▶ **Aim of the task**
Set down, word for word, the stretch of lines from the one containing "Recombinant Alas1 Antibody" to the end of the records below.

▶ **Data under study**
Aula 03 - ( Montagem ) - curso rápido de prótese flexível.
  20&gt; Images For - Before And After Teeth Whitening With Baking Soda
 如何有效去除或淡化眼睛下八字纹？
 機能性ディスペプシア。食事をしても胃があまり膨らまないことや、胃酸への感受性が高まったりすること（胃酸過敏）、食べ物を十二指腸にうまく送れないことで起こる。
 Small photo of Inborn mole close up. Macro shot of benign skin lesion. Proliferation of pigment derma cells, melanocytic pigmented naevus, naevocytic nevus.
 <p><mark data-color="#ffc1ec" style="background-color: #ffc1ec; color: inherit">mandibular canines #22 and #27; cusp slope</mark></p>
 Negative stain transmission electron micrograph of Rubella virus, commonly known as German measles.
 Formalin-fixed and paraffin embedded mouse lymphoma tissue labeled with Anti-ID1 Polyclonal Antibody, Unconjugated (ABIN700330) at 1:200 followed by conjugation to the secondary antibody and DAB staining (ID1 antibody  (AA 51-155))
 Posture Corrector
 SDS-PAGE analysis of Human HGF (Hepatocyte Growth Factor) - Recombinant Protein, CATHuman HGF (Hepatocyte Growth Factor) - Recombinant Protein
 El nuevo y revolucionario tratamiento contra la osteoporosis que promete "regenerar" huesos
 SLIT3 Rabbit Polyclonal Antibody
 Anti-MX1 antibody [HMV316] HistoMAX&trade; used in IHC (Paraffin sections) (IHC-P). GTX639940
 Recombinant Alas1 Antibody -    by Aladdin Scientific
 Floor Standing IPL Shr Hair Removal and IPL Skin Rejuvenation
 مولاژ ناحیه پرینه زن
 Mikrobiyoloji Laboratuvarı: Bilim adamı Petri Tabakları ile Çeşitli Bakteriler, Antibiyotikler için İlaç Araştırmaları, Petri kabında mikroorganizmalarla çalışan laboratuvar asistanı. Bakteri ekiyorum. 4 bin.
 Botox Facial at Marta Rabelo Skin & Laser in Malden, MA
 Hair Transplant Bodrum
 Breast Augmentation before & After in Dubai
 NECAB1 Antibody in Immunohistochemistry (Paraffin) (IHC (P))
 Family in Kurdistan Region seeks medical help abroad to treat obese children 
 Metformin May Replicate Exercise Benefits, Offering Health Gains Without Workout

▶ **Answer to the exercise**
 Recombinant Alas1 Antibody -    by Aladdin Scientific
 Floor Standing IPL Shr Hair Removal and IPL Skin Rejuvenation
 مولاژ ناحیه پرینه زن
 Mikrobiyoloji Laboratuvarı: Bilim adamı Petri Tabakları ile Çeşitli Bakteriler, Antibiyotikler için İlaç Araştırmaları, Petri kabında mikroorganizmalarla çalışan laboratuvar asistanı. Bakteri ekiyorum. 4 bin.
 Botox Facial at Marta Rabelo Skin & Laser in Malden, MA
 Hair Transplant Bodrum
 Breast Augmentation before & After in Dubai
 NECAB1 Antibody in Immunohistochemistry (Paraffin) (IHC (P))
 Family in Kurdistan Region seeks medical help abroad to treat obese children 
 Metformin May Replicate Exercise Benefits, Offering Health Gains Without Workout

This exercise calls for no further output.